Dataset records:
******

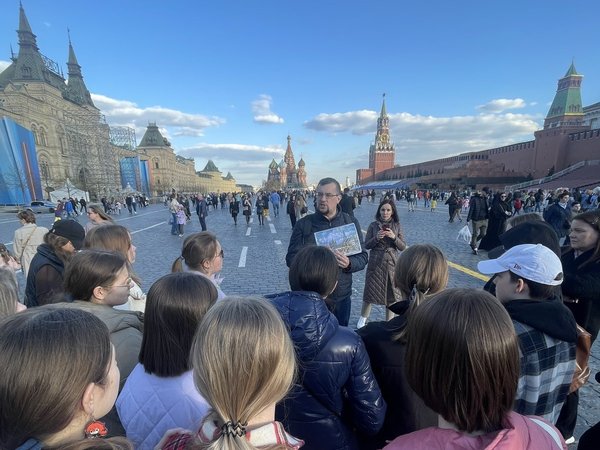 Интерактивная прогулка по Китай-городу с историком «Москва Ивана Грозного» с посещением трапезной - фото 1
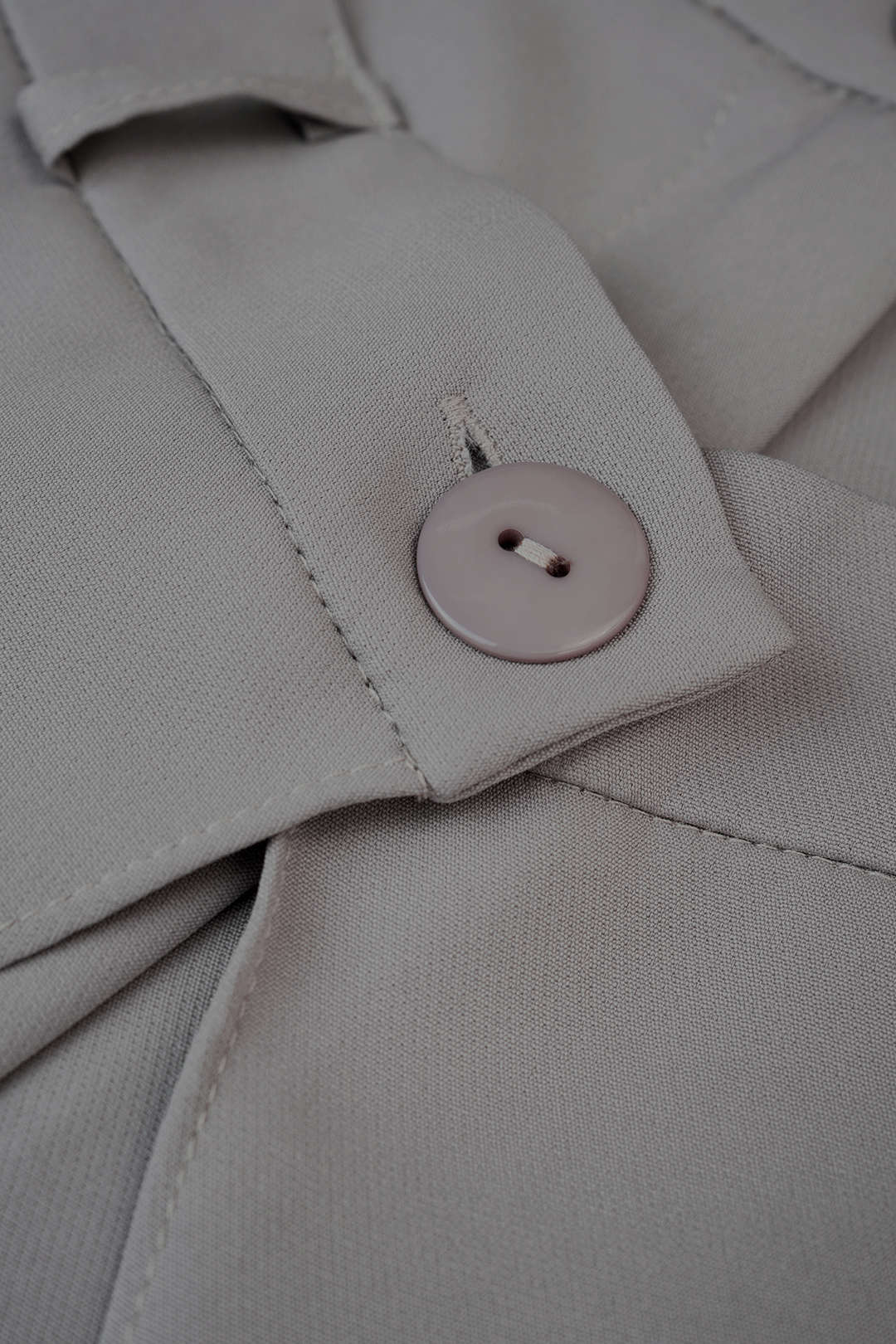 Hose mit doppeltem Bundknopf, hoher Taille und weitem Bein
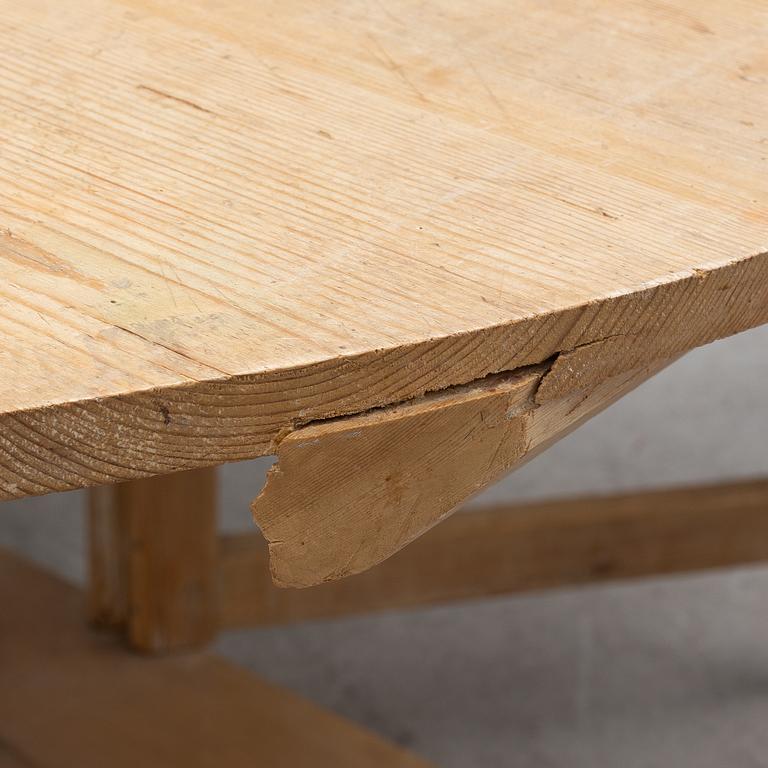 A Gustavian gate-leg table, circa 1800.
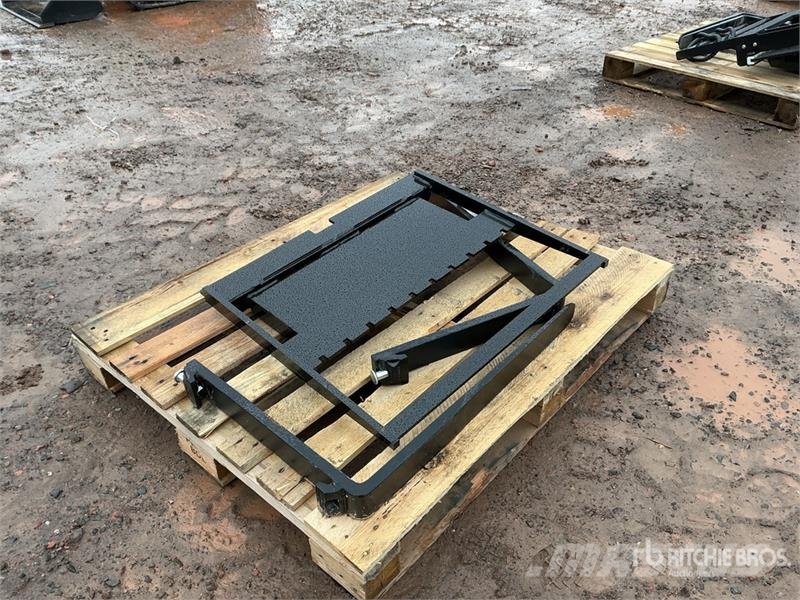 GIYI GY-XHC 29 in Mini Skid Steer Forks (Unused) Forche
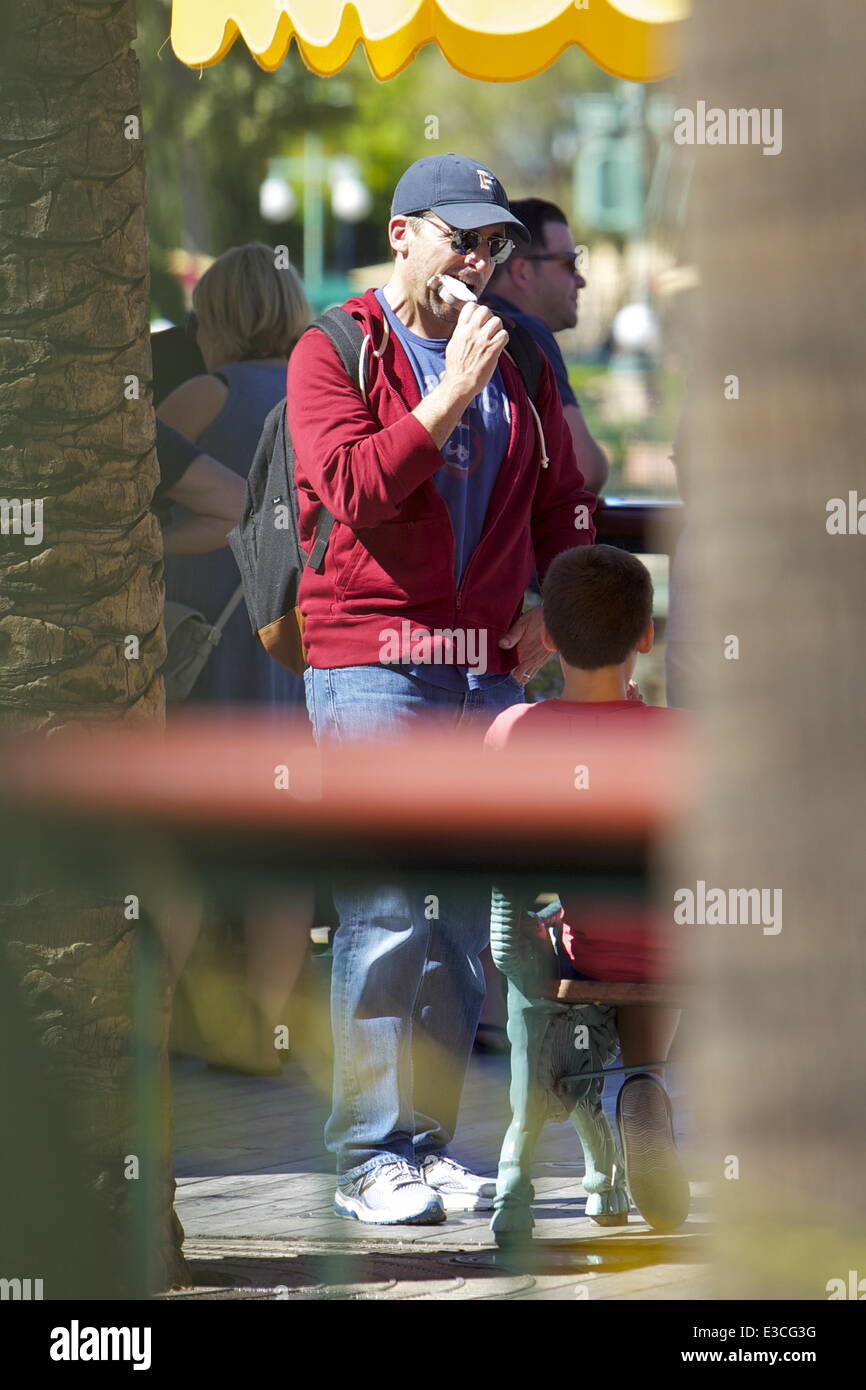 Steve Carell indossando un cappello da baseball con monogramma lettera 'F'  trascorre la giornata a Disneyland in Anaheim con la sua famiglia con Foto  stock - Alamy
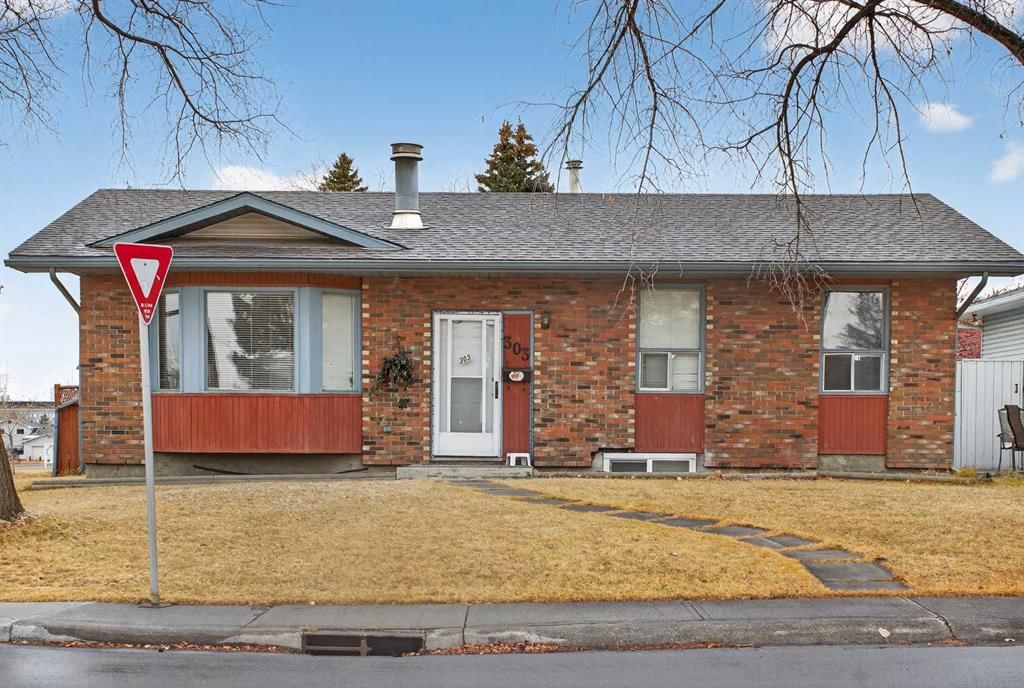 303 Whiteview Road NE, Calgary — main listing photo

******

WORK INSTRUCTION: Repeat each entry above exactly, passing over any images.

ANSWER:
 Интерактивная прогулка по Китай-городу с историком «Москва Ивана Грозного» с посещением трапезной - фото 1
 Hose mit doppeltem Bundknopf, hoher Taille und weitem Bein
 A Gustavian gate-leg table, circa 1800.
 GIYI GY-XHC 29 in Mini Skid Steer Forks (Unused) Forche
 Steve Carell indossando un cappello da baseball con monogramma lettera 'F'  trascorre la giornata a Disneyland in Anaheim con la sua famiglia con Foto  stock - Alamy
 303 Whiteview Road NE, Calgary — main listing photo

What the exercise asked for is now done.